Foi erro de estratégia?

Nem um pouco. A expansão é correta. A retomada do reajuste de preço também. Temos de fazer com que os preços fiquem mais equilibrados. Não estamos retraindo (o consumo), estamos nos ajustando ao volume do mercado. Não tem outro jeito: se a demanda cresce, ou se ajusta preço ou se faz racionamento. Não vamos fazer racionamento. Digo a vocês que a diferença é de sete ou oito vezes mais entre o preço que distribuidora paga a nós e o que o consumidor paga a elas. A margem é muito grande. Há possibilidade de eles não repassarem porque, se elevarem muito o preço, o consumidor final sai do gás natural e vai para o GLP ou volta para a energia elétrica. Ele (distribuidor) sabe que tem um limite.

A idéia é que o distribuidor absorva esse aumento?

Quem está absorvendo nesse momento somos nós (Petrobrás). Esse é o ponto. É evidente que a margem para a indústria é menor do que para o consumidor final. Como o grande consumidor também faz contrato de longo prazo, tem margem menor para a distribuidora. Aí tem de ser caso a caso. Por isso, quando se pergunta qual o porcentual de aumento, não dá para dizer, porque estamos discutindo novas fórmulas de contrato com as distribuidoras.

Qual a projeção para os preços do petróleo em 2007?

Temos hoje uma oferta muito próxima da demanda no mercado mundial, em torno de 83 milhões, 84 milhões de barris por dia. No entanto, como há instabilidades, a volatilidade tende a ser grande.

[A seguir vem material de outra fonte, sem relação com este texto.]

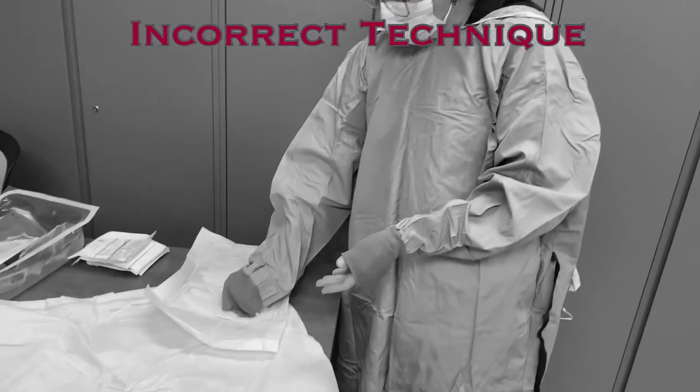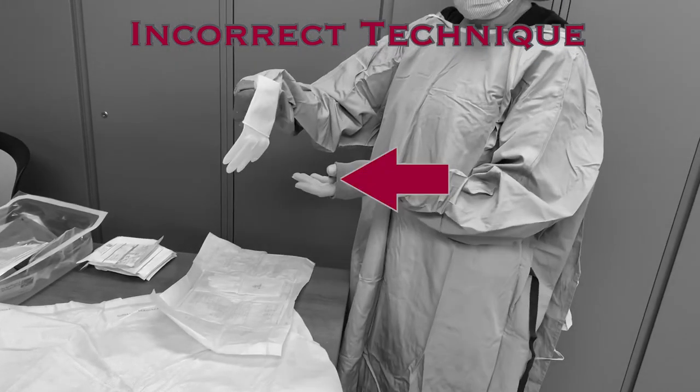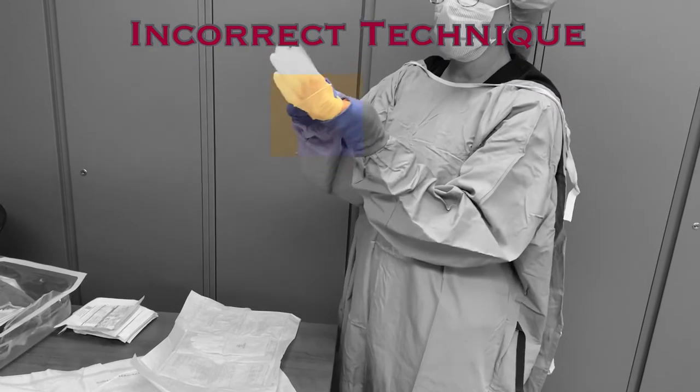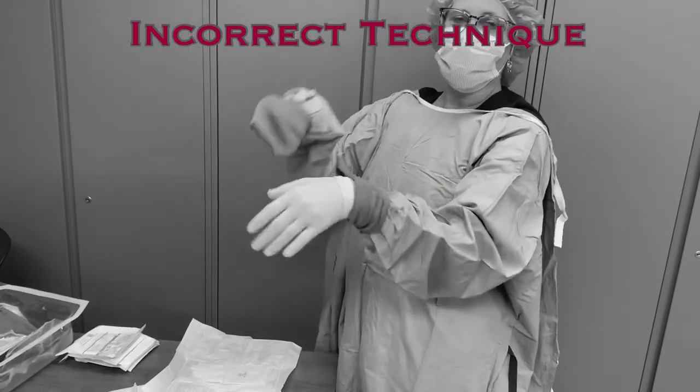Issues arise when hands are not kept within the sleeves. If fingers are extended out of the sleeve, people think it will be easier to don the glove, but it very often leads to contamination of the gown. As the hand is inserted into the glove, the fingers are likely to come into contact with the other sleeve's cuff, causing contamination.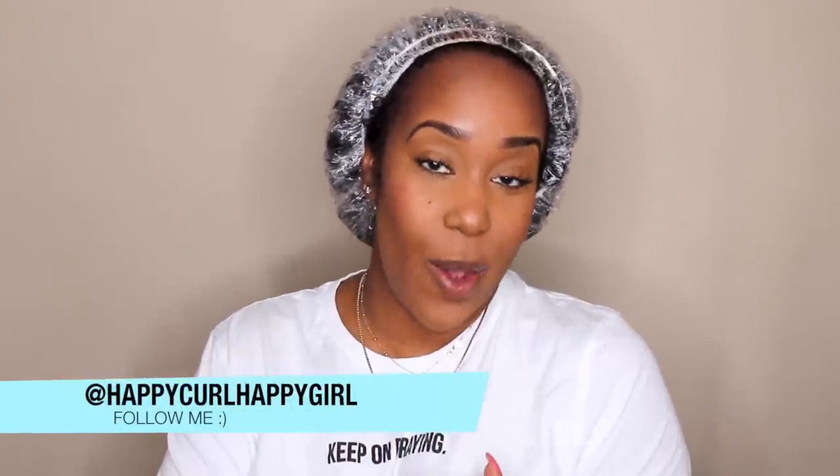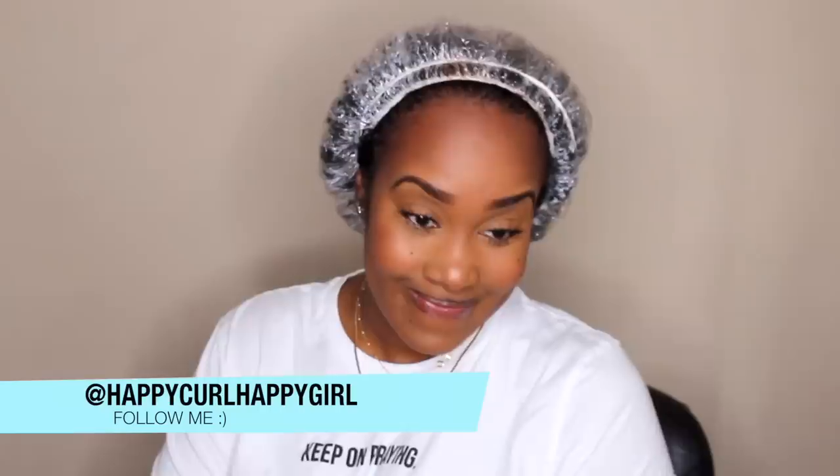Hey y'all, welcome back to my channel! In this video we're going to be trying the wet look. But first things first, if you are new here, welcome — and to my old-time subscribers, the Rain Gang, Happy Curl Gang, welcome back. I'm going to be real honest: I wasn't really interested in doing a wet look, but I was looking at my comments and a lot of you guys were asking me to try it. Then I saw Natural Nisi's video and I was like, okay, I gotta try this.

Nossa expectativa é de que o preço do petróleo nem vai cair nem se elevar dramaticamente, mas ficará flutuando muito. Enquanto a flutuação se mantiver, não tem por que alterar os preços (dos combustíveis). O Brasil tem uma política interna de preços que minimiza essa volatilidade. Durante este ano, por exemplo, os preços subiram 30% e baixaram 20% em duas semanas, três semanas. Nós não tivemos esse efeito no Brasil. A tendência para 2007 é de preços declinantes, porque os investimentos estão crescendo, a produção tende a crescer.

A auto-suficiência se mantém com um crescimento mais pujante da economia?

A Petrobrás investiu entre janeiro e novembro deste ano R$ 22,6 bilhões. No ano que vem, vamos investir R$ 47 bilhões. Esse investimento independe do curto prazo. Vamos sair da produção atual de 2,4 milhões de barris para 3,4 milhões de barris em 2011. Em 2015, nossa meta é de 4,5 milhões de barris por dia. É a metade da Arábia Saudita de hoje, é maior do que a Exxon, a maior produtora privada do mundo. Estamos projetando, em termos de auto-suficiência, crescimento médio de 4% do PIB até 2011. Projetamos produção 20% acima do consumo nacional. Temos uma folga.

O senhor está preparado para outros quatro anos discutindo preços aqui na Petrobrás?

Olha, se o presidente Lula e o governo brasileiro indicarem meu nome para continuar, eu estou. Agora, não depende de mim. Depende do Conselho de Administração da Petrobrás, que é controlado pelo governo.

A diretoria da Petrobrás continuará como está?

Não posso responder a essa pergunta. Tudo isso depende do Conselho de Administração. Em nenhum momento é minha a decisão. Posso aceitar ou não, claro. Posso dizer: aceito ou não. Agora dizer qual vai ser a decisão do conselho...

É possível sair para exercer um cargo no ministério?

Não comento rumores. Estou presidente da Petrobrás e serei presidente da Petrobrás enquanto o conselho quiser me manter. Quando não quiser, voltarei a ser professor universitário.